Aunque la mayoría de los ciclistas de carretera se dirigen a los grandes puertos vecinos, los amantes de los puertos ocultos se detienen en Notre-Dame-de-Bellecombe para enfrentarse al puerto del Treillage. Esta ruta transversal, que antaño se utilizaba para transportar discretamente mercancías entre Saboya y Alta Saboya, es una joya para las piernas en forma. Al salir del pueblo, la carretera abandona rápidamente el asfalto principal para adentrarse en caminos municipales estrechos, casi secretos. El perfil es un auténtico monstruo de irregularidades: las llanuras que dan un respiro en medio de los chalets de los pastos alpinos se suceden con subidas bruscas que rozan los 11 %. Es una subida íntima, sin tráfico, donde el silbido de los neumáticos sobre el asfalto granulado solo se ve interrumpido por el ruido de los torrentes.
Para los aficionados al cicloturismo y al cicloturismo contemplativo, la estación es el corazón palpitante de la Ruta de las Iglesias Barrocas. Este sinuoso y ondulado recorrido carretero une los pueblos del Val d’Arly por los balcones superiores. Recorrer esta ruta es enlazar pequeñas subidas a través de claros, cruzar puentes de piedra de época y detenerse al pie de los edificios religiosos que son el orgullo de la región. El ritmo es pausado, ideal para bicicletas de viaje equipadas con alforjas o para ciclistas de domingo. Es el tema principal para comprender el ADN del pueblo: un territorio donde el esfuerzo físico siempre se combina con el descubrimiento de un patrimonio pastoral que se ha mantenido intacto.
En Notre-Dame-de-Bellecombe, el Gravel se aventura por los caminos de explotación agrícola utilizados para la recolección de la leche destinada al queso Beaufort. Estas pistas ascienden desde el pueblo (1150 m) para llegar a los pastos alpinos superiores de Lachat o Vorès. El suelo, una mezcla de tierra compactada y losas de roca aflorantes, exige una buena sección de neumáticos (se recomiendan 40 mm). Es una inmersión cruda en medio de los corrales de vacas, ofreciendo una conexión directa con la vida de los pastos alpinos.

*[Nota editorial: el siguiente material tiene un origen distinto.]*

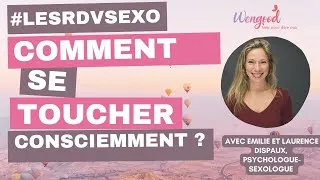 Miniature : Et si se toucher autrement changeait tout ? 🌸Par Laurence Dispaux, sexologue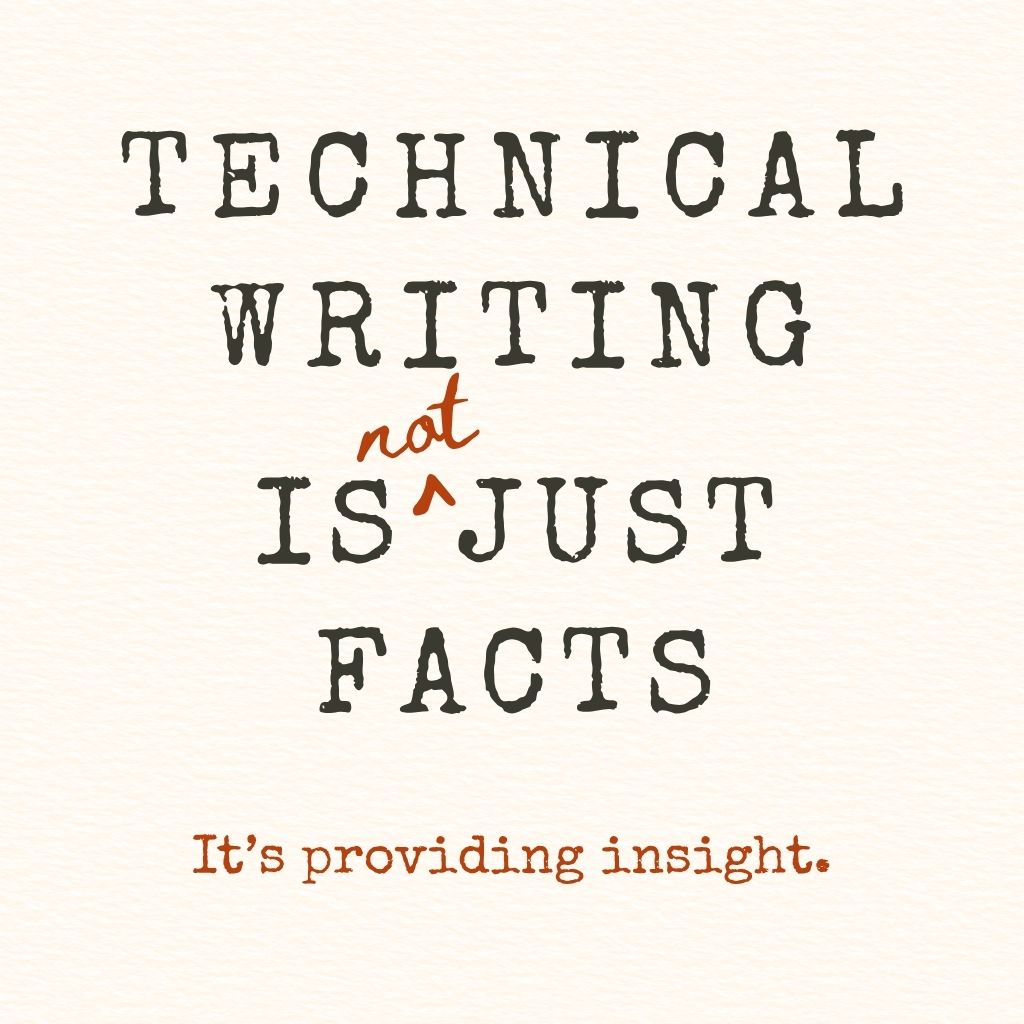 Technical writing is (not) just facts. It's providing insight.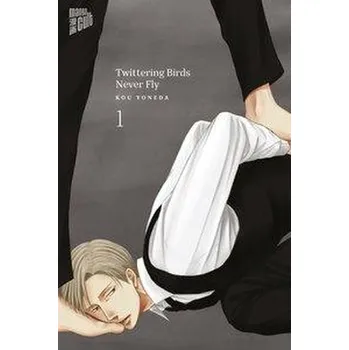 Komiks pro dospělé Twittering Birds never fly 1 - Yoneda, Kou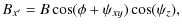 $\displaystyle B_{x^\prime} = B\cos(\phi+\psi_{xy})\cos(\psi_z),$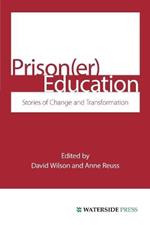 Prison(Er) Education: Stories of Change and Transformation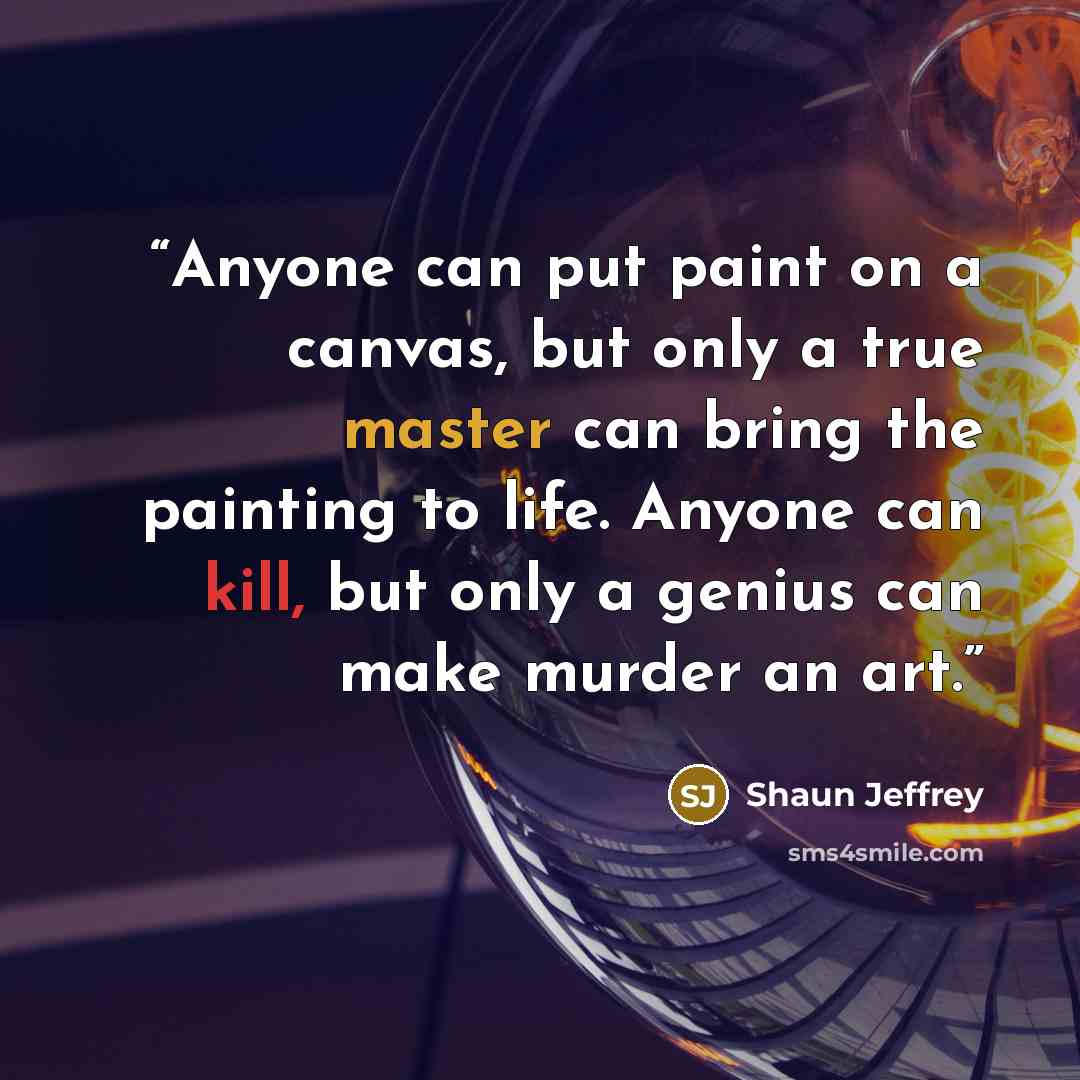 “Anyone can put paint on a canvas, but only a true master can bring the painting to life. Anyone can kill, but only a genius can make murder an art.” quote by Shaun Jeffrey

La topografía de la estación, enclavada en los pliegues del Val d'Arly y luego abierta a las cumbres, crea un microclima protector. Las laderas boscosas ofrecen una sombra salvadora durante las sofocantes tardes de julio, manteniendo una frescura bienvenida en las ascensiones. La red vial secundaria ha permanecido muy típica, a veces sinuosa y estrecha, lo que exige una mayor vigilancia en los descensos forestales donde la humedad puede persistir bajo los grandes abetos.